I want to pause for a second, and I declare an interest as a former firefighter. I have nothing but admiration for our firefighters and emergency services who went into Grenfell, when others were quite understandably coming in the other direction. They saw things they never dreamed they would see in their careers. We do not want to see that again, but fires do recur, and our emergency services do a fantastic job. I hope that they are getting the psychiatric support for what some of those sights will have created in their lives. That will affect their lives going forward, and I have asked this question before of several Ministers.
However, the key to this Bill today is that we get it on the statute book. We can do more work through secondary legislation.
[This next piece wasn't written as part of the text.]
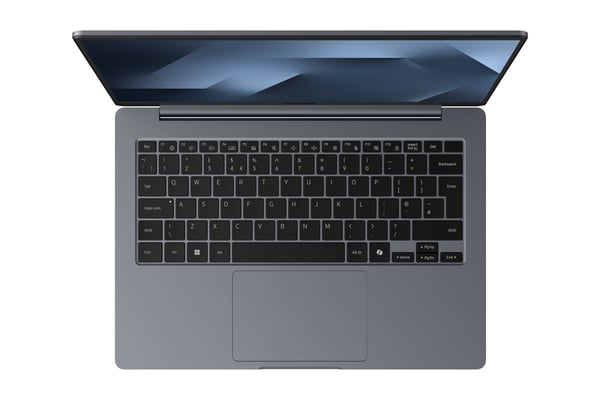 Samsung Galaxy Book6 14" Intel Core Copilot+ PC Intel Core 5 315 Laptop 35,6 cm (14") WUXGA 8 GB LPDDR5x-SDRAM 256 GB SSD Wi-Fi 6E (802.11ax) Windows 11 Home Grå AZERTY Fransk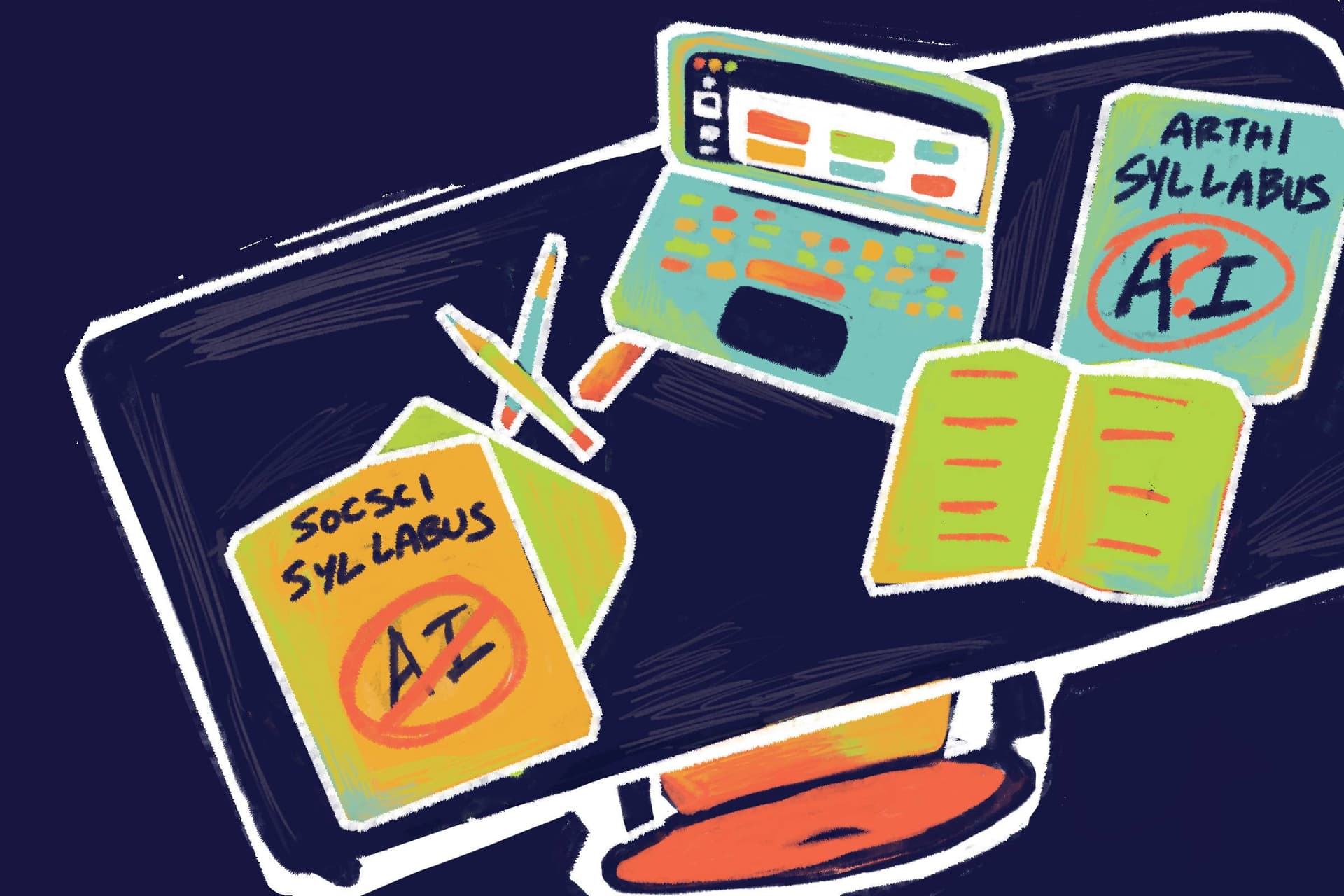 SAIC Revises Teaching Policies Around AI Use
I think it is absolutely imperative for our constituents that we get it on the book today, so that the other House listens to us and we get this on the statute book before the Queen’s Speech.
Once again, I thank all hon. Members for their contributions. They have raised lots of very serious points and questions and have clearly demonstrated a long-standing commitment not only to their constituents, but to this wider issue. I am grateful to right hon. and hon. Members for acknowledging that this piece of legislation is vastly different from what it was, and I apologise to the shadow Minister, the hon. Member for Greenwich and Woolwich (Matthew Pennycook), for the necessity, I suppose, of the late amendments that we tabled. I hope that he agrees, however, that it is important for us to get the Bill on the statute book, and to start the process of making sure that people feel safe in their home. I was particularly struck by some of the contributions from my hon. Friends who mentioned that. I also thank all those who have been involved in campaigns; they have shown how hard-working campaigners can make a considerable contribution on a very serious issue such as this.
I will start by responding to some of the amendments that the hon. Member for Sheffield South East (Mr Betts) tabled. I thank him and the Levelling Up, Housing and Communities Committee for their prelegislative scrutiny of the Bill and their tireless scrutiny of the Government’s response since the fire at Grenfell Tower.
Amendment (e) to Lords amendment 184 states that no
“service charge is payable under a qualifying lease”
where the landlord is either a private registered provider of social housing or a local authority. It provides that funding to meet the costs concerned would come from the levy set out in clause 57. I reiterate the Government’s commitment to protecting leaseholders, but we will not be able to support the amendment. We are clear that those responsible for creating historical building safety defects need to pay to put them right. That principle should apply equally where the party responsible is a social housing provider or local authority. Social housing providers will not be subject to provisions that stipulate that building owners and landlords with a net worth of more than £2 million per in-scope building must pay all in-scope remediation costs. They will be required to pay in full only where they were involved in developing the building.
We are also introducing an ambitious toolkit of measures to allow those directly responsible for defective work to be pursued. Those measures include an extension to the limitation period under the Defective Premises Act 1972 to 30 years; a new course of action relating to product manufacturers; and provisions removing the protections afforded by special purpose vehicles and shell companies. We have been working closely with social housing providers to help them to understand the impact of these changes.
Amendment (f) to Lords amendment 184 provides that where
“the freeholder of a building is a local authority”,
remediation costs will be paid “in the first instance” by the developer of the building and otherwise through the levy set out in clause 57. Again, the Government will not be able to accept the amendment because developers are already expected to remediate their buildings, and as we have announced, developers have signed our pledge to commit to do that. We are also introducing the ambitious toolkit that I mentioned.
I committed earlier to continuing to work on the whole area of social housing, and I assure the hon. Gentleman that I am keen to deliver the ambitious affordable housing programme that we have announced. I do not want to see that affected in any way, so it is in my interest to ensure that we do everything we can in this area. I commit to our doing that.